The image above is of the Miami skyline. I chose this image in part because our first story takes place in Florida but also as a painful reminder that it is 78 degrees in Miami as I wrote this and only 26 in Detroit.
I bring up Florida because…
THE NSA AND STATE LAW
Last week an article suggested that states who have their own version of the No Surprises Act (NSA) would be allowed to use their own state laws instead of the Independent Dispute Resolution process (that has yet to be set up) in the Federal law. This suggestion arose when the Centers for Medicare and Medicaid Services announced that they were allowing the State of Florida to adjudicate some disputes for the NSA under their state law. So other states can too, right? Unfortunately, like most things with the Federal government, it is not that simple.
It seems that Florida had requested the CMS to review their state law and see if it would be compatible with the Federal law, possible because there was (and still is) no Independent Dispute Resolution process set up. By the way, that is kind of an important part of the NSA.
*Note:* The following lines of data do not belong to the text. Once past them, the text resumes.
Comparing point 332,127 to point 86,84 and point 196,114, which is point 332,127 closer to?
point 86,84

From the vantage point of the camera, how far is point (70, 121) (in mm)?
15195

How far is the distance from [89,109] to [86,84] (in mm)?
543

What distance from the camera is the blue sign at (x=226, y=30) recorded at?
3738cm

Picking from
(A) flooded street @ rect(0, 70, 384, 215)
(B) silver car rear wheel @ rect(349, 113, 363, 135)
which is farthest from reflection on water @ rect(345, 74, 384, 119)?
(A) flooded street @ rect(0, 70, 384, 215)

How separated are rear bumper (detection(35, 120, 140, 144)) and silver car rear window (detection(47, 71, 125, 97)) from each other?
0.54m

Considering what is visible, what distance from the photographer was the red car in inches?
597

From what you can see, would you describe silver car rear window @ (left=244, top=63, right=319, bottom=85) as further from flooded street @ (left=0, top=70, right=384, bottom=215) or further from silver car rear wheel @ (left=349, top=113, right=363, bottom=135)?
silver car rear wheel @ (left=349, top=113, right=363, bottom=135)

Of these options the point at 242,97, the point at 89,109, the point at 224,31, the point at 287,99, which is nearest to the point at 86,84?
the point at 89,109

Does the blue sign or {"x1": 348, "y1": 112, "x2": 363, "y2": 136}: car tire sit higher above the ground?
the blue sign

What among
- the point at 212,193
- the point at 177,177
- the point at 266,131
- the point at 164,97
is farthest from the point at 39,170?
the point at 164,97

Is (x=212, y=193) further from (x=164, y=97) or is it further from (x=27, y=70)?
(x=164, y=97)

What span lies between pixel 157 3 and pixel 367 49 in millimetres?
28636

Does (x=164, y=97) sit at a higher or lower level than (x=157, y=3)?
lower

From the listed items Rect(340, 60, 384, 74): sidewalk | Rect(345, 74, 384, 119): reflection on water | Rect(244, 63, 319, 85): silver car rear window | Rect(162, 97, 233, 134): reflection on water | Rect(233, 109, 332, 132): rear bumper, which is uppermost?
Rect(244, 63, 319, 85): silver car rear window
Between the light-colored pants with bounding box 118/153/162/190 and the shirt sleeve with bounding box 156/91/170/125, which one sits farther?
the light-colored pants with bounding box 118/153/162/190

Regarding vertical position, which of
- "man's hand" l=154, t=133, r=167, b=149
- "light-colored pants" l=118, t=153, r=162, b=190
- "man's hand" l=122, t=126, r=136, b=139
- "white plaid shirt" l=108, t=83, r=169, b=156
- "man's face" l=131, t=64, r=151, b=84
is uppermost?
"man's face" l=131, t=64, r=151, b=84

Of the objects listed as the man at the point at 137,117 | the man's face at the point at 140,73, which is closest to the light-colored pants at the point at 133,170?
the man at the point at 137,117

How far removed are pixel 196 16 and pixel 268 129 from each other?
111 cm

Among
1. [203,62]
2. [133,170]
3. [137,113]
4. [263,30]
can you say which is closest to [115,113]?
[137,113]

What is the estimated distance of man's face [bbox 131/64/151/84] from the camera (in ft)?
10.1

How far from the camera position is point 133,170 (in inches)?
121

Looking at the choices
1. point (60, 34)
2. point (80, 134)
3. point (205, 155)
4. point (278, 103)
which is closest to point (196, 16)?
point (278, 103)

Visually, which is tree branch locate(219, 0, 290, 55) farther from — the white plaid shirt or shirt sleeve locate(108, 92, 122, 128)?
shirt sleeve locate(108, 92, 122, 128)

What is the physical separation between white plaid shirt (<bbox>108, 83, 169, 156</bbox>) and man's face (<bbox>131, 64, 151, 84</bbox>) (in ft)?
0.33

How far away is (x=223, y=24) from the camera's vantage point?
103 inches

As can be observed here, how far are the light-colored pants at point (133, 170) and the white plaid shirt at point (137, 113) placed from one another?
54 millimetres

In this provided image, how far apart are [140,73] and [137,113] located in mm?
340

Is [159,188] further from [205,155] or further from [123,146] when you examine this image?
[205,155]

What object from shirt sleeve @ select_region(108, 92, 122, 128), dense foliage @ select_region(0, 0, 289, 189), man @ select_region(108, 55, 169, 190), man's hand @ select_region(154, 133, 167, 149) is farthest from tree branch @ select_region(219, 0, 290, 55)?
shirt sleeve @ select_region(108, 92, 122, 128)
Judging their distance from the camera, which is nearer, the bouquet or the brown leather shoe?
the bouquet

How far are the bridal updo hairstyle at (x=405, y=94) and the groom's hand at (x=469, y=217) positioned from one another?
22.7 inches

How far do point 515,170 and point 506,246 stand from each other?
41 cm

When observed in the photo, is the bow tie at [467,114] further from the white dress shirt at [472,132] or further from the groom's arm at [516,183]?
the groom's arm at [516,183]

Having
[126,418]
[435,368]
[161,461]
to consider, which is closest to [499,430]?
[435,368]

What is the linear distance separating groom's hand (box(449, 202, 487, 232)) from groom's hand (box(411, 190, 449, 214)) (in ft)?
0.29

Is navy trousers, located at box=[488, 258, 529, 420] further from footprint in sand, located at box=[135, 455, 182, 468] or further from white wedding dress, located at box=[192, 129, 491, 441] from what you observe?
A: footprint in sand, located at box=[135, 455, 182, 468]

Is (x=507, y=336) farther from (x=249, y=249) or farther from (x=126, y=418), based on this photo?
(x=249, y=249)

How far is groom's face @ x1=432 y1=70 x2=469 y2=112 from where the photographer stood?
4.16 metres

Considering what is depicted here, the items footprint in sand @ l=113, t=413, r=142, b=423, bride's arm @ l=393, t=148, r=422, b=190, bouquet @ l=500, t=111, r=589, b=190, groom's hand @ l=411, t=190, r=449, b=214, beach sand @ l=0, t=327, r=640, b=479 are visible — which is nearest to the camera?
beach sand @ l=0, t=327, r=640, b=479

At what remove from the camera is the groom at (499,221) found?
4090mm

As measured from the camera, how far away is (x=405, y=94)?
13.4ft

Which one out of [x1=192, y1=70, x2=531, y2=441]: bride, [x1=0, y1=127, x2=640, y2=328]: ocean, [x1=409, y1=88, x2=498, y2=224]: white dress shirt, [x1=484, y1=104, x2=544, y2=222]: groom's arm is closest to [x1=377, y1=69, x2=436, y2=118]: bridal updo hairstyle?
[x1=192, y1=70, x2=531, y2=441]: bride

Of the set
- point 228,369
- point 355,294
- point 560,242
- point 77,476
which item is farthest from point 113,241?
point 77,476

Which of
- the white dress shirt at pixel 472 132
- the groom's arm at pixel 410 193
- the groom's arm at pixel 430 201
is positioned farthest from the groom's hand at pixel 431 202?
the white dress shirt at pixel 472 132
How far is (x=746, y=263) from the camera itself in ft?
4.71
Other states, like California and Texas also have their own state version of the NSA, but it is very possible that they won’t seek the same recognition Florida did or that the CMS would even say that their laws are compatible.
THE POINT OF THE NSA
There is confusion among many provider groups about how the NSA is supposed to work. We put together a basic explainer this week to address some of those concerns. While it does not address every issue about what the law of the land is currently, it does give you a high-level view of the purpose and the controversy about the law. Read it here.
FLASHBACK: MEDICARE AT 50
As we roll into another election cycle in 2022, we decided to look back at a post from last year discussing the pros and cons of Senator Debbie Stabenow’s (D-MI) Medicare at 50 Act. At the time she called it a “win-win” because it would “strengthen Medicare, lower costs and improve care for millions of people.”
While purchasing Medicare would be a cheaper option than employer-based or even Marketplace based health coverage, it would constitute a steep reduction in pay for hospitals and doctors. The CMS said at the time that Medicare pays hospitals, on average, forty percent less than private insurance. When a hospital loses a significant portion of its income, it has to cut costs from somewhere and often times that means staffing shortages among nurses and even emergency care.
Interestingly enough, the NSA seems to be having the same effect, even though that was not one of its original goals. BlueCross BlueShield of North Carolina has already sent letters to over fifty hospital-based groups demanding a reduction in rates or termination from their network altogether.
Regardless, we’re likely to hear about Medicare for All or some iteration of it again as we enter the mid-term elections. We’ll be keeping a close eye on it for you here at FLATLINING and how it can affect your practice and healthcare.